La comparaison avec d'autres pays n'éclaire pas davantage le débat, puisque les chiffres avancés sont très variés : 300 millions de dollars par centrale de type REP (réacteur à eau pressurisée, comme la plupart des centrales françaises) aux États-Unis, soit une trentaine de milliards de dollars au total, tandis que le gouvernement britannique estime à 103 milliards d'euros le démantèlement de seulement 35 réacteurs. La France est plus proche de l'estimation américaine, avec 20 à 39 milliards d'euros (chiffres de 2003) pour l'ensemble du parc français (58 réacteurs) selon la Cour des comptes. « La stratégie de démantèlement est différente : les Britanniques attendent soixante-dix ans avant de démanteler, ce qui coûte cher », justifie Serge Klayele.
Du côté d'Areva, on estime à 10 milliards d'euros le coût du démantèlement de l'ensemble de ses installations, essentiellement celles de retraitement du combustible. « Mais le démantèlement de l'atelier de haute activité oxyde (HAO) est estimé entre 50 et 100 millions d'euros par an, sur plus de vingt-cinq ans, soit au moins 1,5 milliard d'euros, pour un seul des sept ateliers de La Hague », rappelle Didier Anger, du réseau Sortir du nucléaire et membre de la CLI de La Hague (50).
Les installations de recherche ne sont pas les plus simples à démanteler : elles ont accueilli de nombreuses activités différentes, si bien que chaque démantèlement est particulier. Celui du centre CEA de Fontenay-aux-Roses, en région parisienne, est estimé à 500 millions d'euros.
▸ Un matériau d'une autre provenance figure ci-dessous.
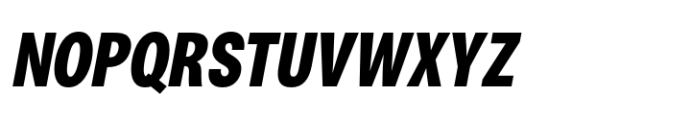 ZT Talk Black Condensed Italic Font UPPERCASE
Le CEA considère que l'ensemble de ses opérations de démantèlement s'élèvera à 7 milliards d'euros, dont la moitié pour la seule usine d'extraction du plutonium de Marcoule (30).
Face à toutes ces incertitudes sur les techniques de démantèlement, ses risques envers l'environnement et les travailleurs, et surtout ses coûts, le réseau Sortir du nucléaire demande un débat public, comme l'exige la convention d'Aarhus sur l'information et la participation du public aux décisions en matière d'environnement. Mais pour l'instant, les exploitants comme les pouvoir publics s'y refusent, préférant morceler l'information du public en menant des enquêtes publiques pour chaque démantèlement. Une procédure assez peu contraignante et portant sur des options déjà choisies par l'opérateur, tandis que le débat public, plus en amont, permettrait de s'interroger sur l'ensemble de la filière de démantèlement. « Faut-il un démantèlement immédiat ou différé ? Un stockage sur place ou dans des sites spécialisés ? Même si, au final, ce n'est pas le public qui décide, il faut des discussions publiques sur ces choix, estime Didier Anger. Cela permettrait aussi de mettre en évidence le coût énorme du démantèlement. Lors des enquêtes publiques, celui-ci n'est même pas précisé. » Pour Serge Klaeyle, il n'est pas nécessaire de faire un débat sur l'ensemble du démantèlement, car les opérations ne sont pas similaires. Ce qui contredit ses propres affirmations selon lesquelles le coût de déconstruction allait profiter d'un « effet de série » puisque les démantèlements se ressemblent.